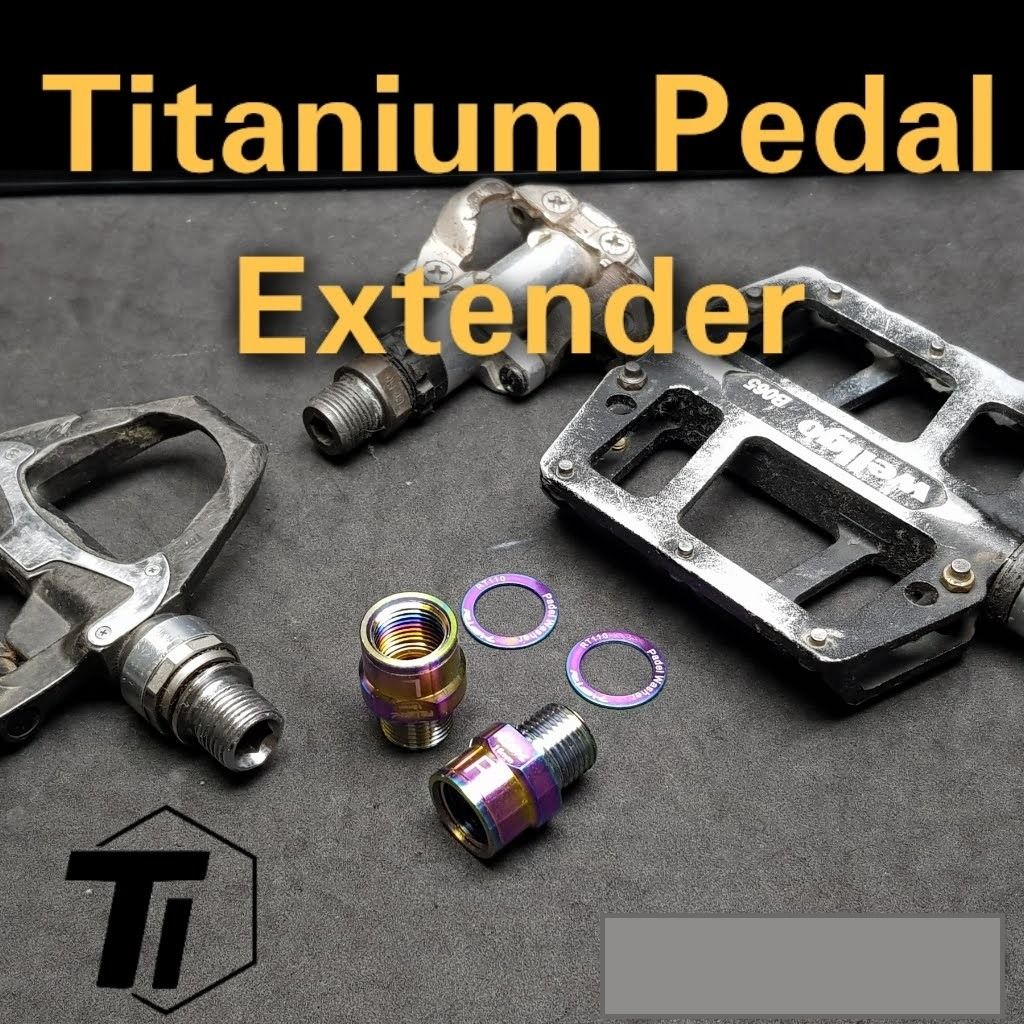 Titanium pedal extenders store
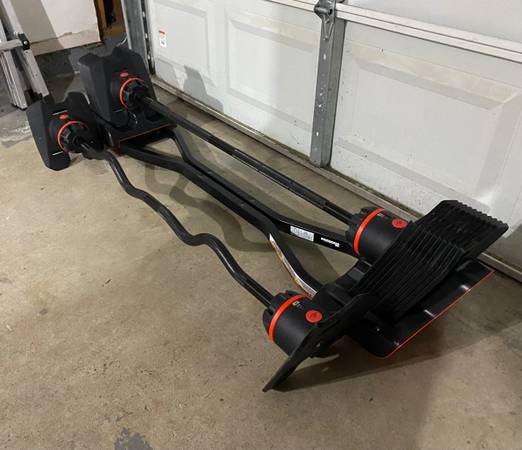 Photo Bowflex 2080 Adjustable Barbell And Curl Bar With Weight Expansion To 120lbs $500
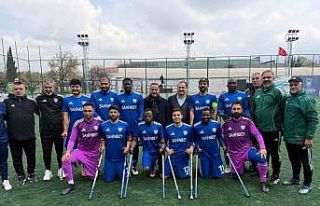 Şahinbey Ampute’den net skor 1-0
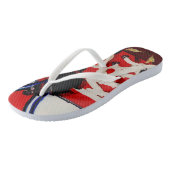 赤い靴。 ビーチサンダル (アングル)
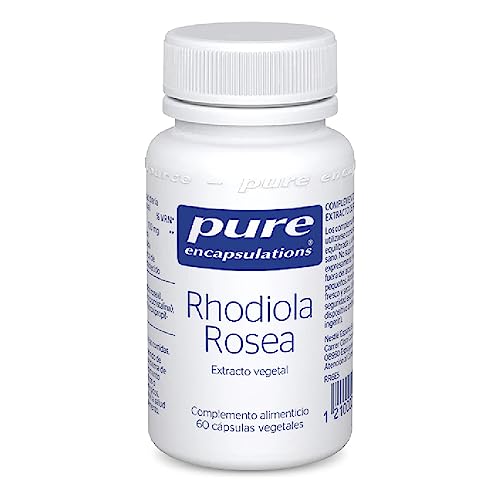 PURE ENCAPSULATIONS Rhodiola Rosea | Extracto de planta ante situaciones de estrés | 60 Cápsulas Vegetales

Work required
Line by line, retype the records above exactly, minus the images.

Completed task
 Titanium pedal extenders store
 Photo Bowflex 2080 Adjustable Barbell And Curl Bar With Weight Expansion To 120lbs $500
 Şahinbey Ampute’den net skor 1-0
 赤い靴。 ビーチサンダル (アングル)
 PURE ENCAPSULATIONS Rhodiola Rosea | Extracto de planta ante situaciones de estrés | 60 Cápsulas Vegetales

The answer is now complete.